Suárez Rojas was the military operational commander of the FARC and second-in-command—a role he took on after Raúl Reyes was killed in a Colombian cross-border raid into Ecuador in 2008. Rojas was, Vivianco says, “the military strategist, the guy who controlled the mind and soul of the FARC. His death in combat was devastating.” According to many estimates, defections and killings have reduced the FARC to less than seven thousand men, and the rebels’ ability to carry out abductions has been significantly impaired. The FARC has been steadily releasing its hostages over the last two years; many others have escaped. It’s thought that fewer than twenty policemen and soldiers remain in captivity today.
Uribe, who retired from office last August with high popularity ratings, has been criticized for allowing right-wing paramilitaries to continue to operate with impunity. Over the last two years, a few paramilitary leaders have been extradited to the United States to face drug-trafficking charges—most notably Salvatore Mancuso Gómez, also known as “Triple Cero,” the commander of the United Self-Defense Forces of Colombia (AUC), a coalition of paramilitaries that fought the guerrillas across the country and financed its activities by means of donations from landowners, drug trafficking, extortions, and robbery. Yet despite a demobilization program that Uribe instituted, few of these groups have been dismantled.
In fact, according to a Human Rights Watch report published last winter, “new groups [have] cropped up all over the country, taking the reins of the criminal operations that the AUC leadership previously ran.” It went on: “The successor groups regularly commit massacres, killings, forced displacement, rape, and extortion, and create a threatening atmosphere in the communities they control.”1 There is no indication so far that the new administration of President Juan Manuel Santos will be any more committed to taking on the paramilitaries.
Ingrid Betancourt, now forty-eight, continues to be haunted by her years in captivity. Her marriage to her second husband, Juan Carlos Lecompte, broke up after her release. These days she divides her time between New York and Paris, where she runs a foundation to help other former hostages. There has been no serious discussion of her return to politics, and it’s not clear whether she would have any success.
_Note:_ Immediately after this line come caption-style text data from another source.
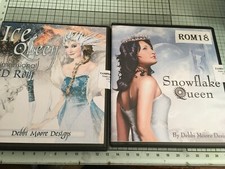 Debbi Moore Snowflake Queen & Ice Queen  CD Rom CDRoms18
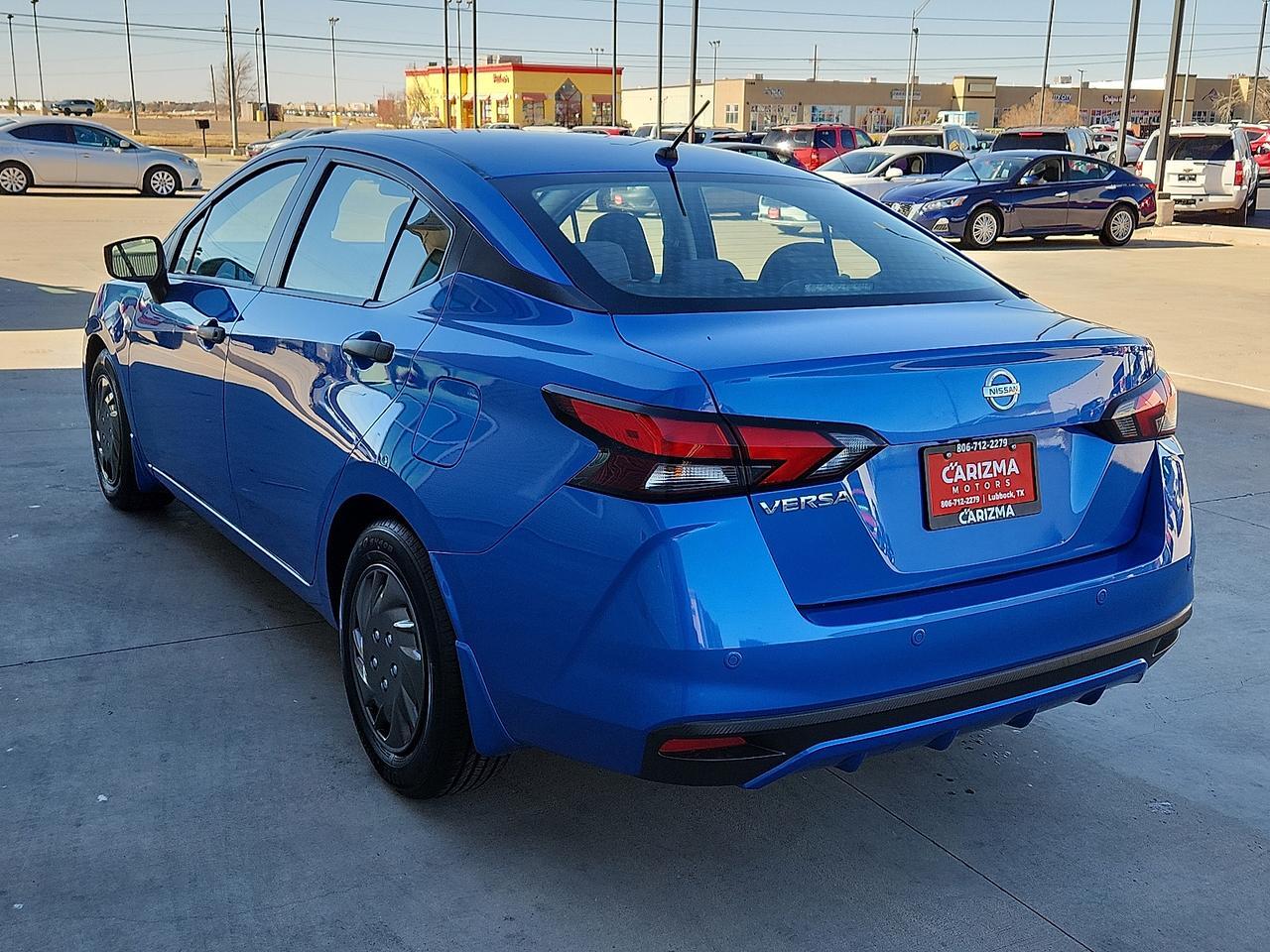 2021 Nissan Versa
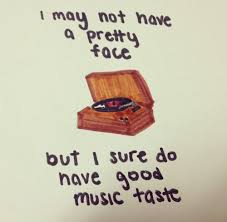 cute music old cute quotes sayings record player drawings with ... via Relatably.com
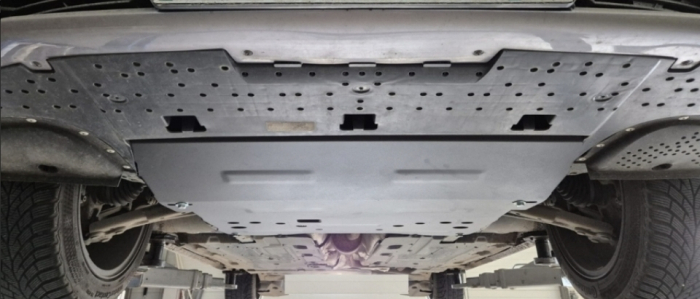 Scut Metalic Motor, Cutie, Radiator și Bară Peugeot Rifter (2018+) - Model 2 [7]
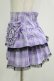 画像2: QOOZA / Kuromi mini skirt  ラベンダー H-25-11-08-029-PU-SK-KB-ZH (2)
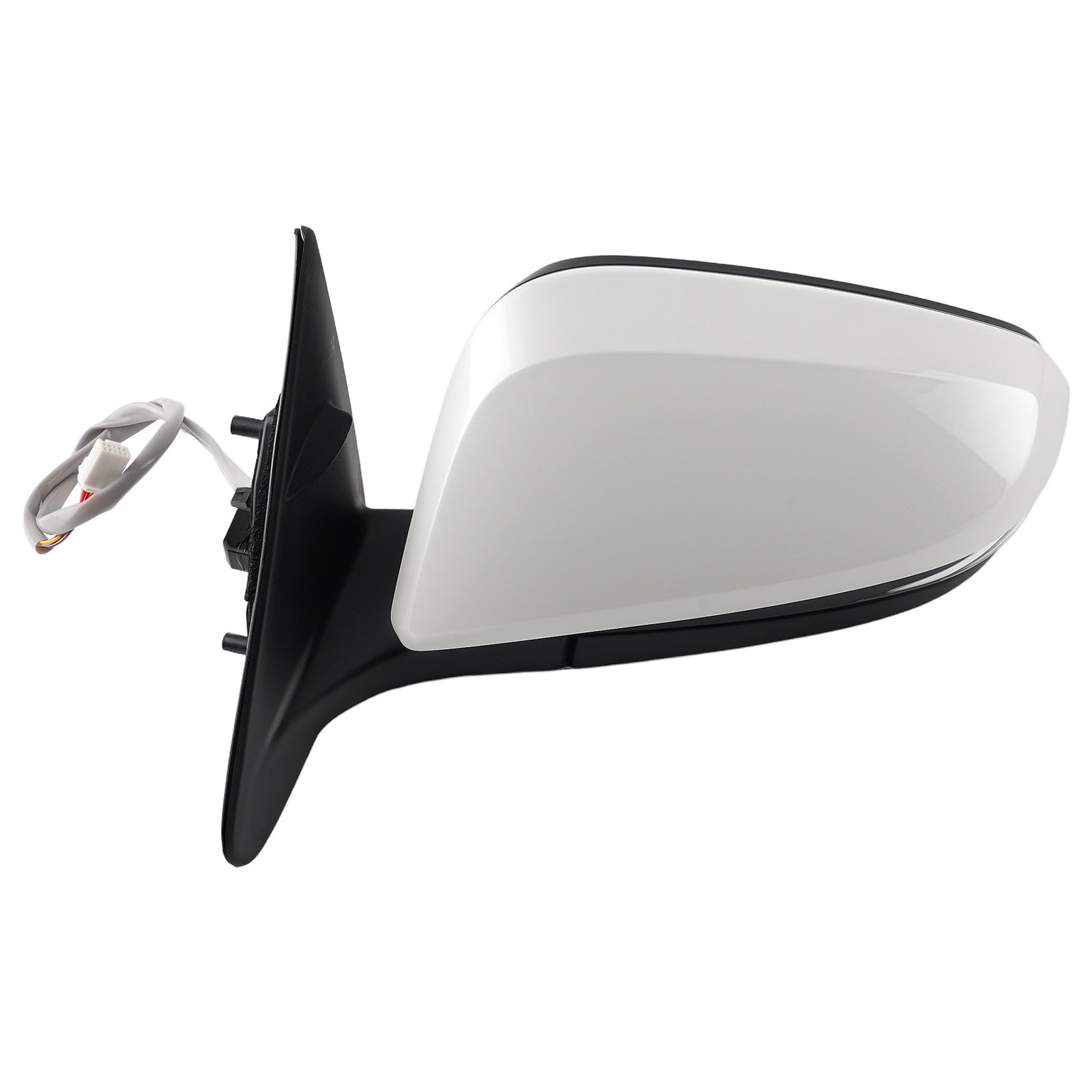 Left Rear View Mirror for Toyota Highlander 2014-2019 879450E040B0 White 7pin
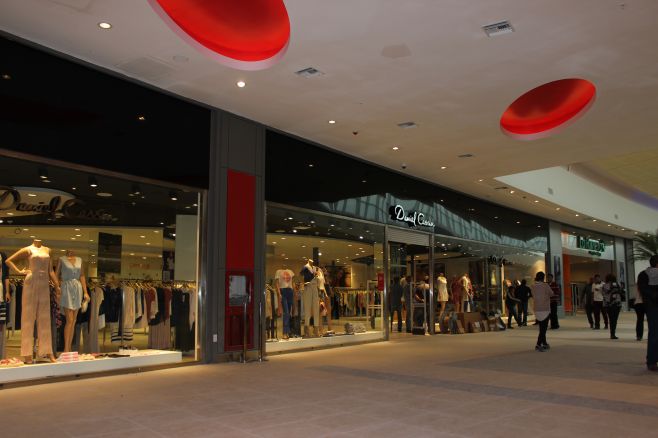 El primer shopping de Rivera abrió sus puertas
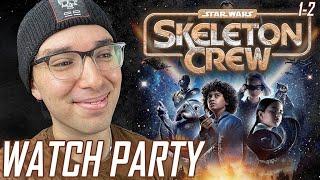 SKELETON CREW WATCH PARTY! 8:30 PM EST EP 7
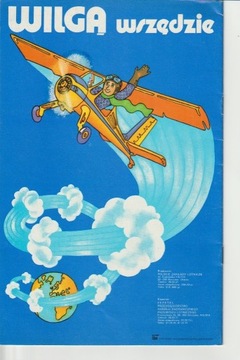 PZL-104 Wilga broszura reklamowa "Wilgą wszędzie"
Although her years in captivity softened her elitist image, Betancourt’s demand for compensation for her suffering in the jungle struck many as impetuous and unappreciative and hardly endeared her to the public. Earlier this year, she went back to Colombia for a reunion with some of her fellow former captives. Members of the group discovered that they were tormented by similar nightmares, including one that involved being trapped in a building and battling their way to freedom. She told The Guardian in September: “It will take time until we cut the string still linking us with the jungle.”